By Kelvin Lau & Stephen Green | China Daily | Updated: 2013-05-06 08:11

Last year's slowdown, triggered in part by government policy measures to cool the domestic housing market and exacerbated by Europe's economic crisis, caused China's economic growth to slump to 7.7 percent - the lowest in more than a decade. We expect growth to accelerate to about 8.3 percent this year.

Wage increases are partly government-driven. China's 12th Five Year Plan (2011-15) aims to raise the national minimum wage by an average of at least 13 percent each year, faster than in previous years. Local authorities are free to set their wages above the national level. In fact, provinces have increased minimum wages by an average of 16 percent this year, following a 20 percent increase last year.

Shenzhen in the PRD region tops the list in terms of minimum wages, with minimum monthly pay of 1,600 yuan ($258).
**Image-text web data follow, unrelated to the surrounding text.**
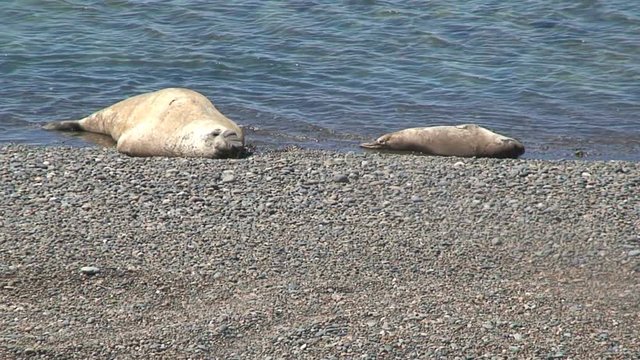 Male and female sealion together on the beach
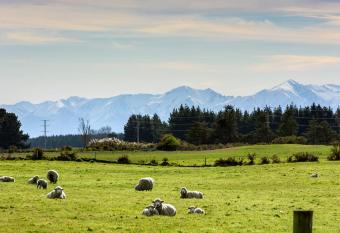 Gem bed and breakfast allows 18 year olds to book a room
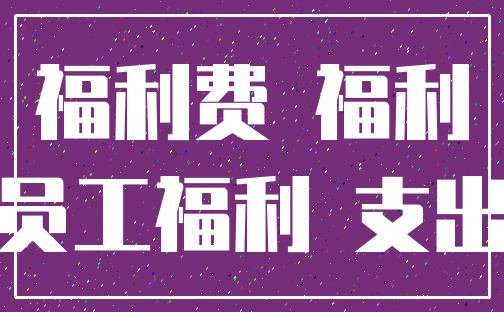 福利费 福利_员工福利 支出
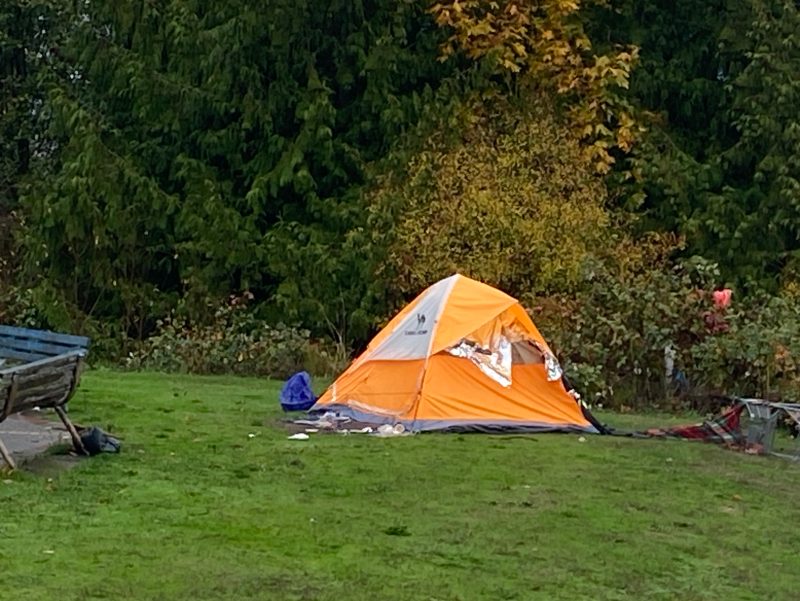 City of Seattle homeless encampment cleanup at Rotary Viewpoint Park, 2025-12-03 (North Delridge)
This has forced more than half the companies in our survey to raise wages more than they had planned to, particularly for their least skilled workforce.

As salaries rise, only the fittest will survive. Naturally, larger companies are better able to compete by investing more in technology and securing larger, longer-term orders from overseas customers. Three out of five companies surveyed said they are responding with bigger investments in machinery. They are also investing in process automation tools, outsourcing or partially sub-contracting production, boosting in-house design functions, and hiring employment agencies to find new workers.

Moving production to cheaper locations is also an option, but a costly one. And such decisions are not driven purely by labor cost considerations. Relocation means losing proximity to suppliers and customers, dealing with new tax and regulatory regimes, and bearing higher transport costs. That said, our survey suggests that companies are increasingly willing to consider moving out of the PRD region or expanding to new locations.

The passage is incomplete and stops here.